Captioned web images:
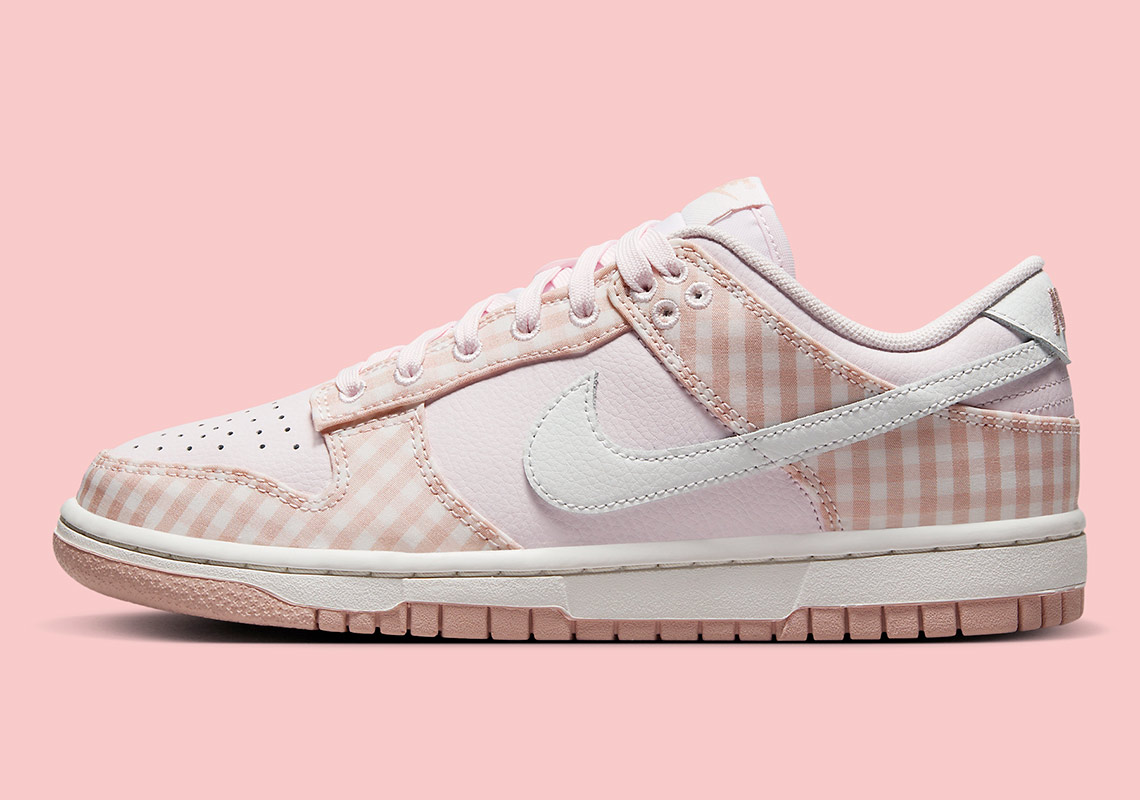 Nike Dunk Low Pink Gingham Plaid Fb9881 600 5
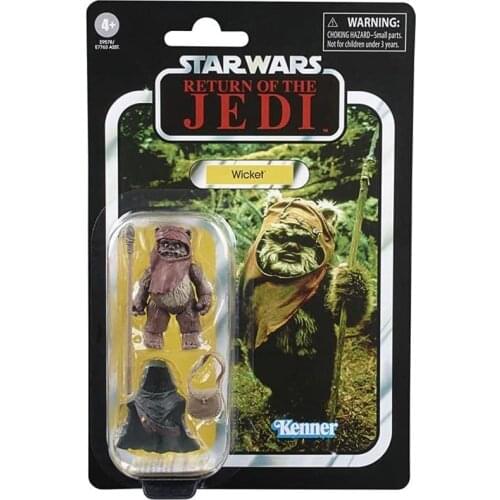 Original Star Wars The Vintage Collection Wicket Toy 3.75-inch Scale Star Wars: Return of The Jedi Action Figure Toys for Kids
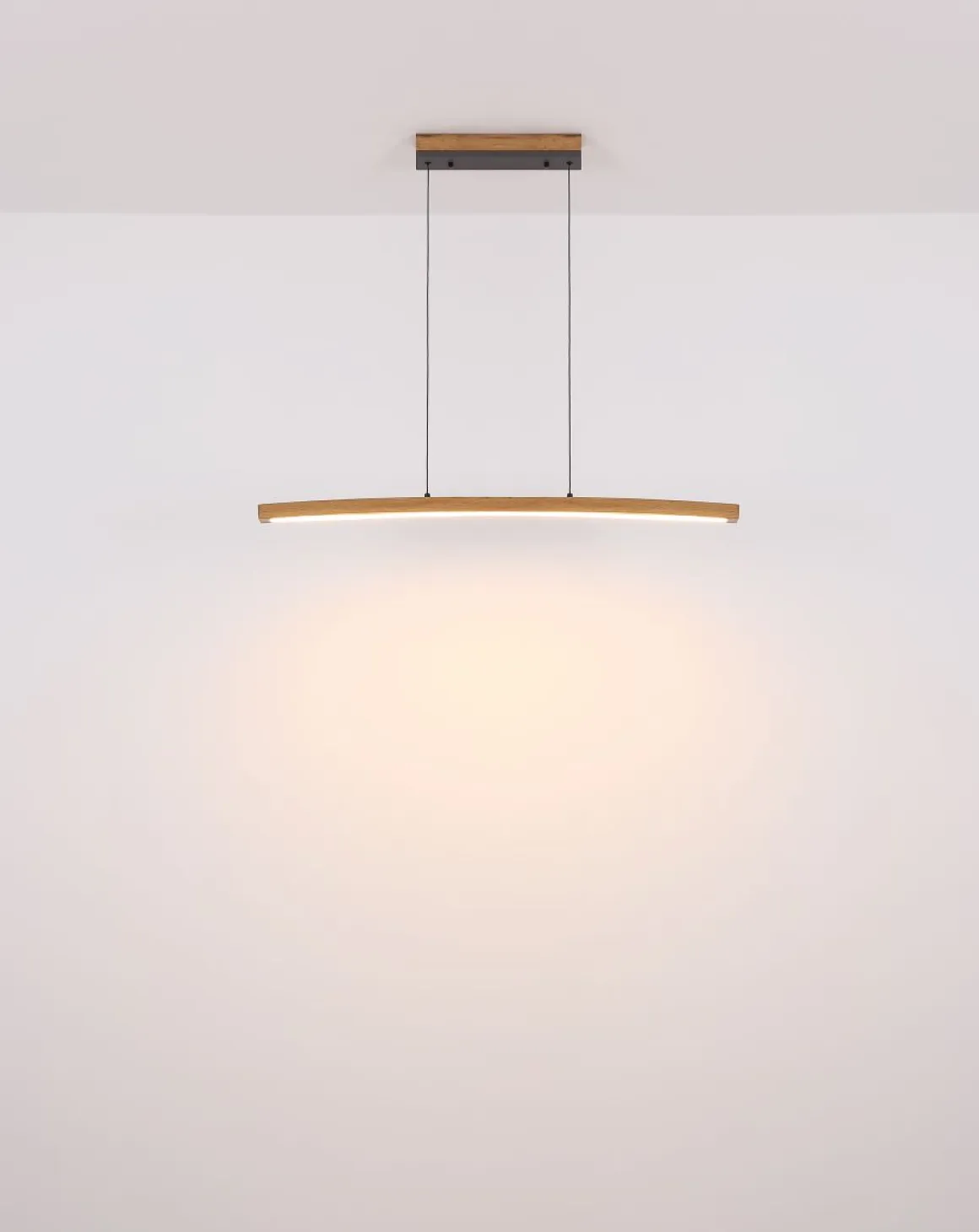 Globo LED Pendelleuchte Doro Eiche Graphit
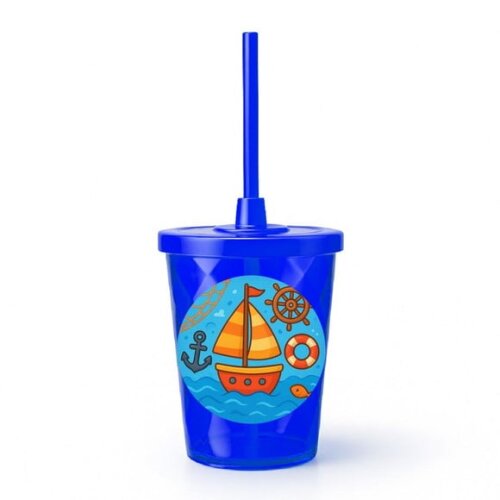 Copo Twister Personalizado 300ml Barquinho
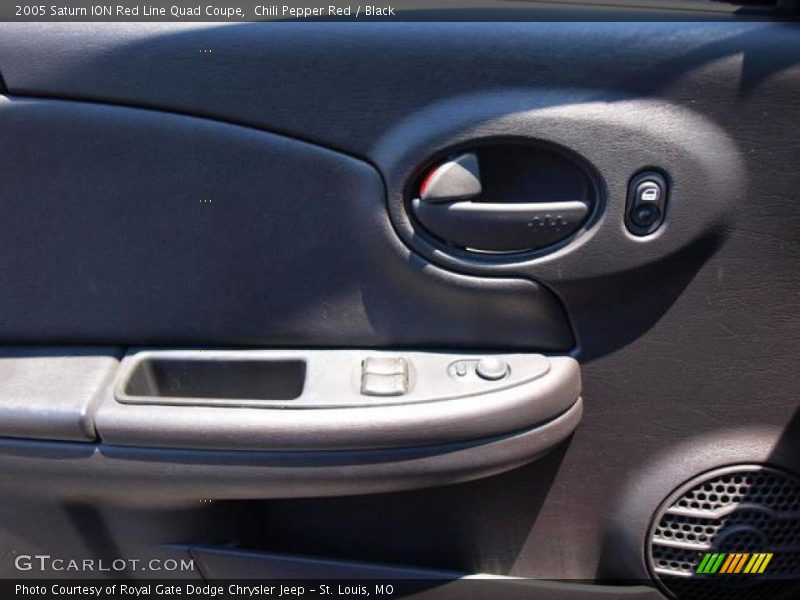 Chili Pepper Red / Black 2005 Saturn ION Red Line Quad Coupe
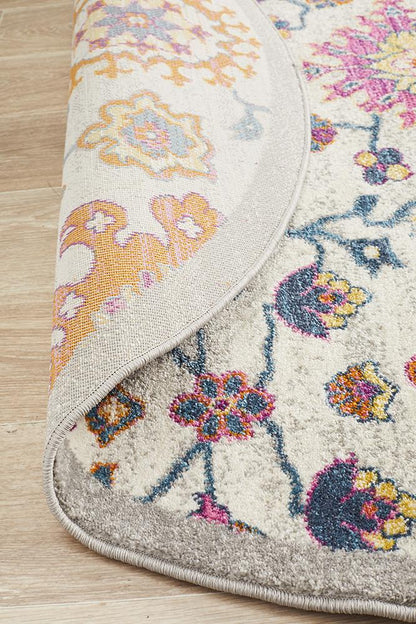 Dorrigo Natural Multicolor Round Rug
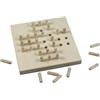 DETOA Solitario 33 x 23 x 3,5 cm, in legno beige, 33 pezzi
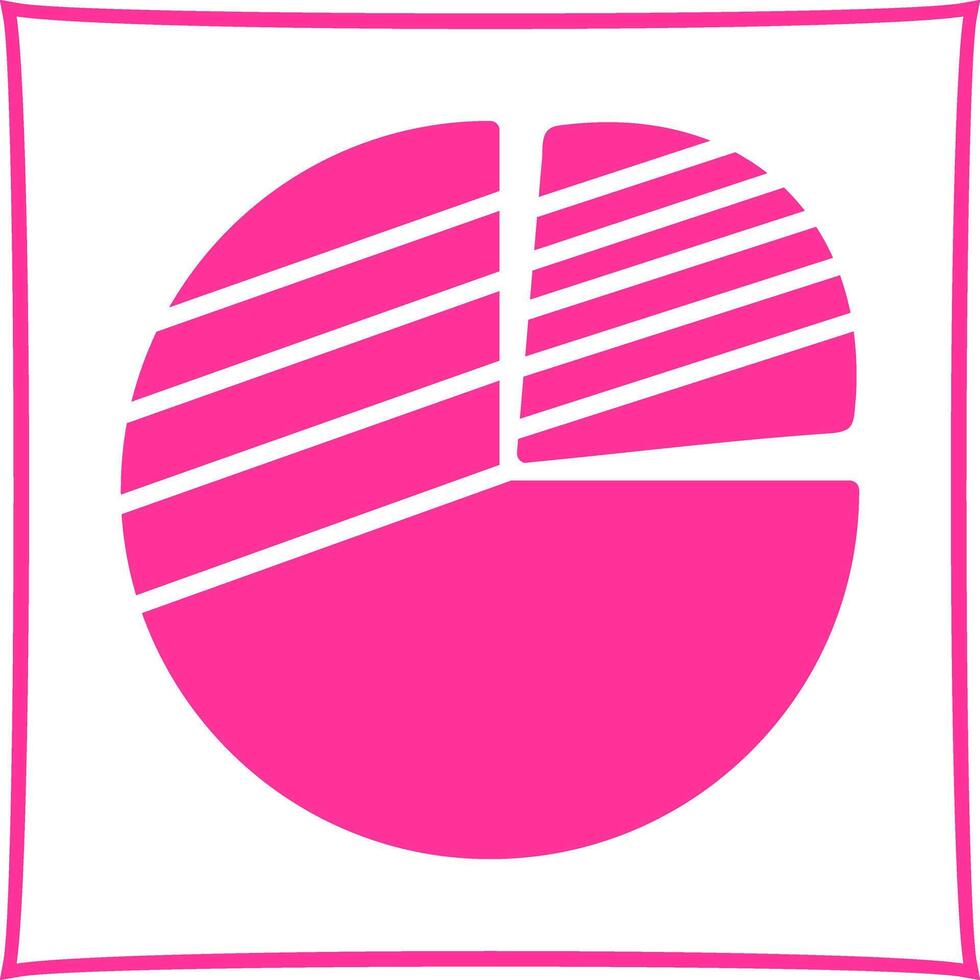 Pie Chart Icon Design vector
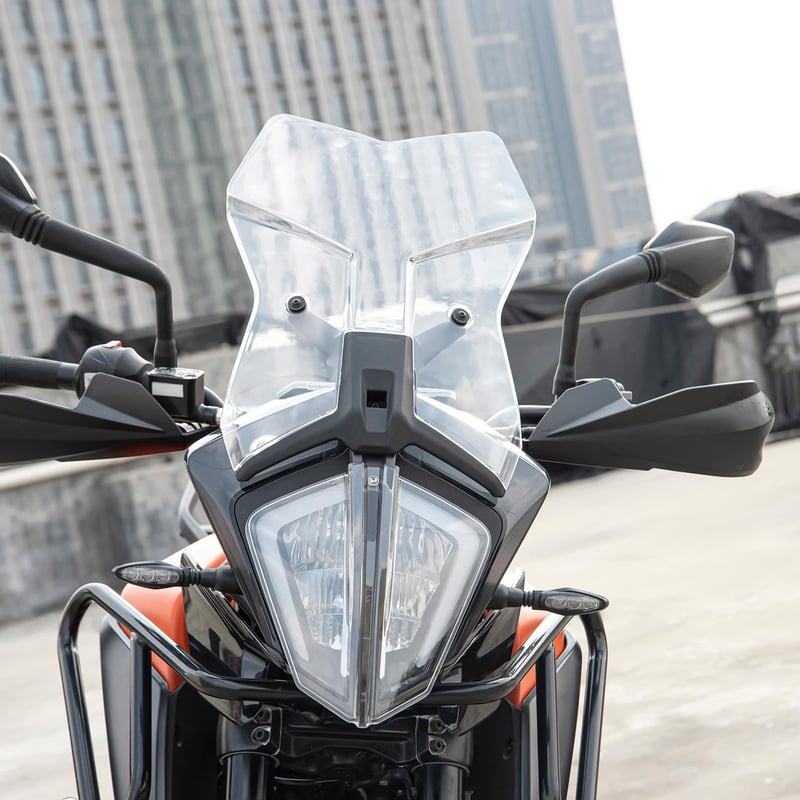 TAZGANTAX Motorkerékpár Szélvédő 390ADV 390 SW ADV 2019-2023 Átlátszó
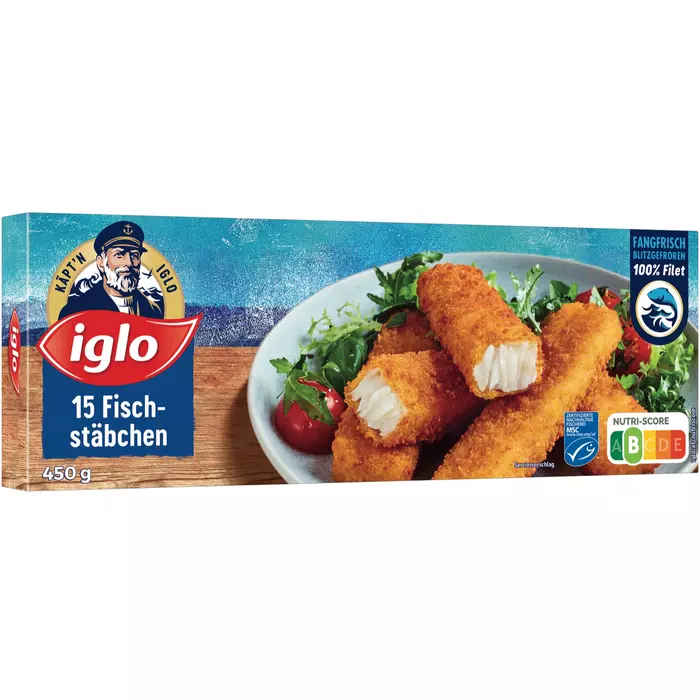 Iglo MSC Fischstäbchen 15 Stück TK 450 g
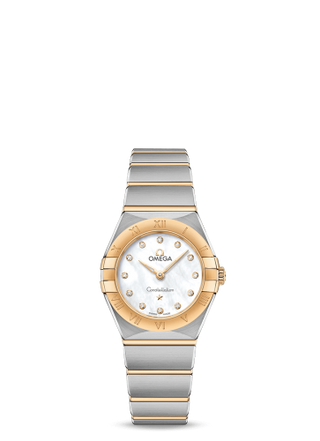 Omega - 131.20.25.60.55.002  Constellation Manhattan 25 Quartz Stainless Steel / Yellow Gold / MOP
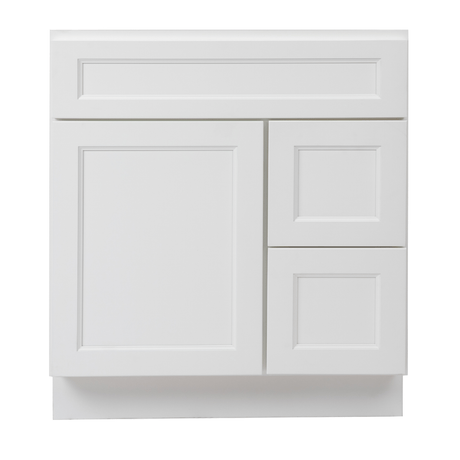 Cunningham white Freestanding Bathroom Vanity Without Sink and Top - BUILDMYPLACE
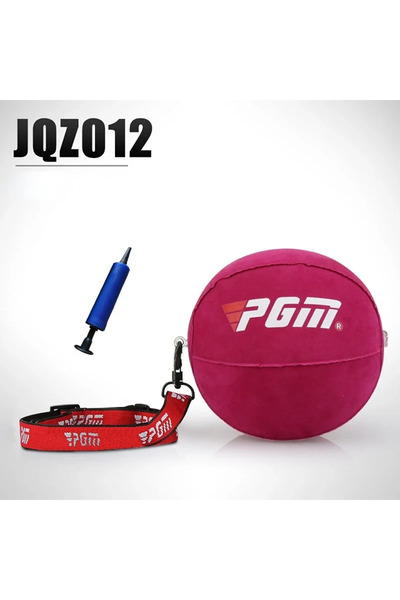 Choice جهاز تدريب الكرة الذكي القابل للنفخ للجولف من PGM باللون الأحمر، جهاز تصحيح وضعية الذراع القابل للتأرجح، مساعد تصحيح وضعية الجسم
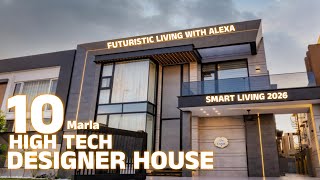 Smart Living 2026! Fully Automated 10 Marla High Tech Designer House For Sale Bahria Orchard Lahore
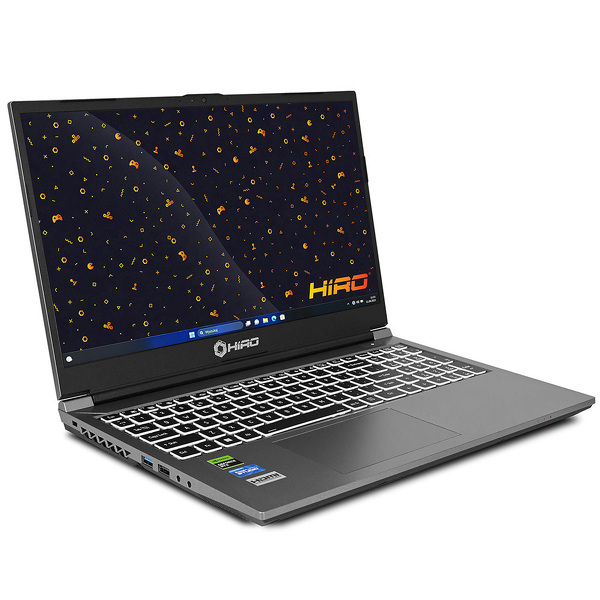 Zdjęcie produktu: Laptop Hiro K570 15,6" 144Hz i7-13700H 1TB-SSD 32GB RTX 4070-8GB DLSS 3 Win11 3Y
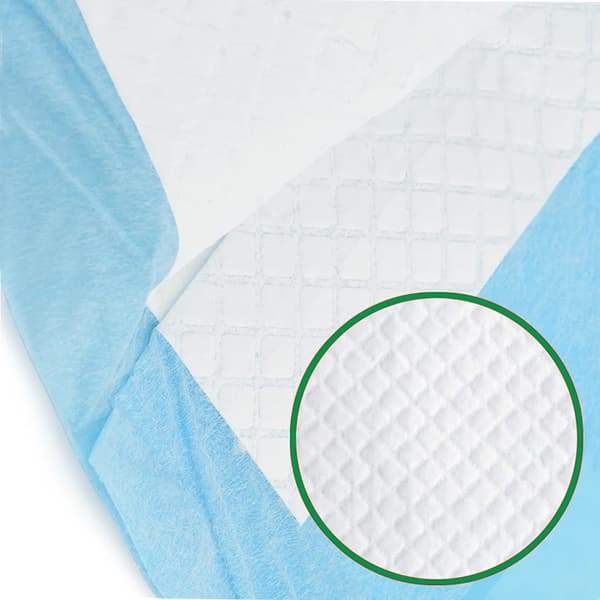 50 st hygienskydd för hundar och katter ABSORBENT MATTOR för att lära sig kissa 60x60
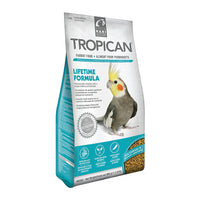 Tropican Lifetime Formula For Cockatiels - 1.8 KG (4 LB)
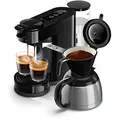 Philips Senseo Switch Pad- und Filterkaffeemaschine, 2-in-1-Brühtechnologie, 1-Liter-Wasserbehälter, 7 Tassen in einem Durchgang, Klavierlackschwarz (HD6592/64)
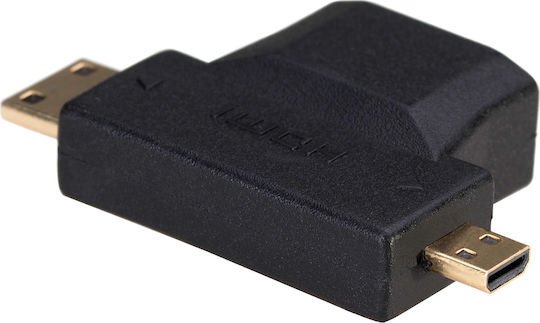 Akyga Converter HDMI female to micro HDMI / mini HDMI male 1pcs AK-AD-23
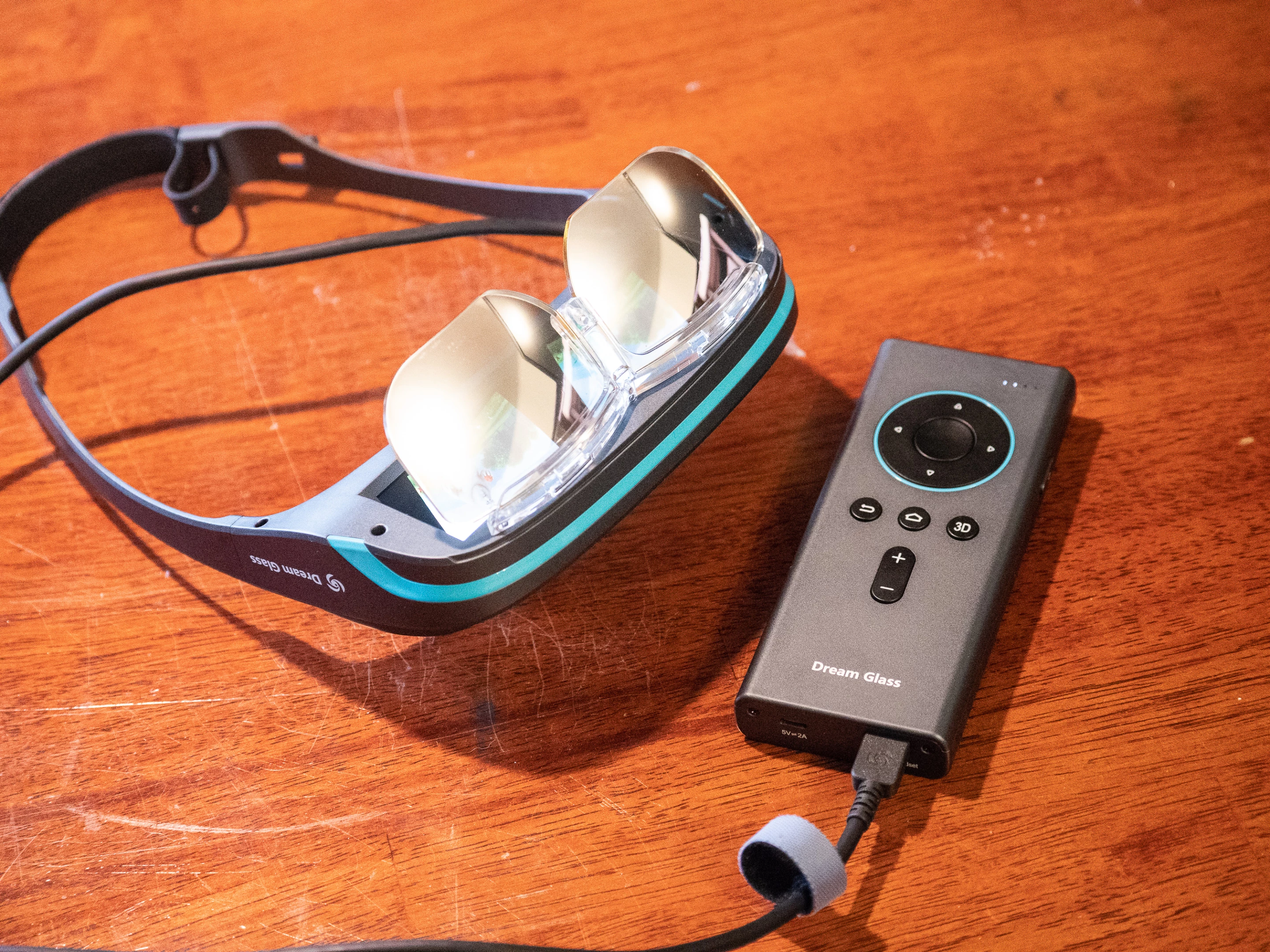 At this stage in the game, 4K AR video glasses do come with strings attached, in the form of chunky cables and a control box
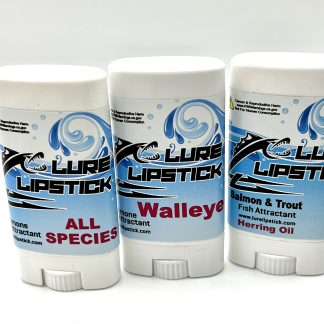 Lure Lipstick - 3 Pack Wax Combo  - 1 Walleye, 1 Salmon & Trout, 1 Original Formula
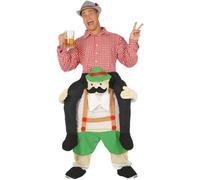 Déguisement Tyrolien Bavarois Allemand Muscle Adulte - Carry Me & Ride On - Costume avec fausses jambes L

● **WHAT IS BEING ASKED**: All lines from the one holding "Zdjęcie produktu: Laptop" through the last line of the records need to be copied exactly, both ends included, and the pictures left behind.

● **EXPECTED ANSWER**:
 Zdjęcie produktu: Laptop Hiro K570 15,6" 144Hz i7-13700H 1TB-SSD 32GB RTX 4070-8GB DLSS 3 Win11 3Y
 50 st hygienskydd för hundar och katter ABSORBENT MATTOR för att lära sig kissa 60x60
 Tropican Lifetime Formula For Cockatiels - 1.8 KG (4 LB)
 Philips Senseo Switch Pad- und Filterkaffeemaschine, 2-in-1-Brühtechnologie, 1-Liter-Wasserbehälter, 7 Tassen in einem Durchgang, Klavierlackschwarz (HD6592/64)
 Akyga Converter HDMI female to micro HDMI / mini HDMI male 1pcs AK-AD-23
 At this stage in the game, 4K AR video glasses do come with strings attached, in the form of chunky cables and a control box
 Lure Lipstick - 3 Pack Wax Combo  - 1 Walleye, 1 Salmon & Trout, 1 Original Formula
 Déguisement Tyrolien Bavarois Allemand Muscle Adulte - Carry Me & Ride On - Costume avec fausses jambes L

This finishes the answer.